De plus, la proposition de ficher les individus en fonction de leurs opinions politiques n’est pas nouvelle. En 2008, le fameux fichier baptisé « Edvige » prévoyait entres autres de recenser des personnes exerçant ou ayant exercé un mandat politique, syndical ou économique, avait suscité un tel tollé qu’il avait été retiré.

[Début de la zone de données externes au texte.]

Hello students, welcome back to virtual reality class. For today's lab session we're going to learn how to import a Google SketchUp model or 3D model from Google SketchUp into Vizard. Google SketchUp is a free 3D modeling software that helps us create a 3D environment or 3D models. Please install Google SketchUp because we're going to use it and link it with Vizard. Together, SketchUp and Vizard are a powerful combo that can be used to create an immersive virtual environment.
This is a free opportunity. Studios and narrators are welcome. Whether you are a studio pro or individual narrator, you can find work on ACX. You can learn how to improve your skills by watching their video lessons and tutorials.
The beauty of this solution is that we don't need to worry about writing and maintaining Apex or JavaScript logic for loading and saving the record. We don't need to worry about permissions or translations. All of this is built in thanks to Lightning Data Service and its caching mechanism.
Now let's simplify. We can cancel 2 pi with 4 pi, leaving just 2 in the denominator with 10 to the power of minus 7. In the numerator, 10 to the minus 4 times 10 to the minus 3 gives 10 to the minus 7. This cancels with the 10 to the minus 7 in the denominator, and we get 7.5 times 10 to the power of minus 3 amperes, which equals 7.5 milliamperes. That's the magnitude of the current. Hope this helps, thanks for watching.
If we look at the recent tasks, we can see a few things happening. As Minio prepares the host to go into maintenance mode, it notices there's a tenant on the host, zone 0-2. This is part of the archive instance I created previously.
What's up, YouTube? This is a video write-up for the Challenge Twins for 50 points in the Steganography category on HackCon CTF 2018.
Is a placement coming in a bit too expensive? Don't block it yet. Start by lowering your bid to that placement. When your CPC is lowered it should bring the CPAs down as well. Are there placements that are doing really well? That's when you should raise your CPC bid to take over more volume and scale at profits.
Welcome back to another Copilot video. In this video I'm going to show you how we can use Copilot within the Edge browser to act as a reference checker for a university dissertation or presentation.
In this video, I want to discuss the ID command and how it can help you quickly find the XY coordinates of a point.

L’an dernier, un rapport gouvernemental considérait les anarchistes et les véganes comme des terroristes en puissance.

Lire aussi : https://lareleveetlapeste.fr/dans-un-rapport-gouvernemental-les-anarchistes-et-les-vegans-sont-designes-aussi-dangereux-que-des-djihadistes/

 Reste donc à savoir sur quelle légitimité des fonctionnaires normalement élus par le peuple auraient tout droit et pouvoir pour décider de l’idéologie dominante en ayant une velléité d’étouffer tout débat démocratique ?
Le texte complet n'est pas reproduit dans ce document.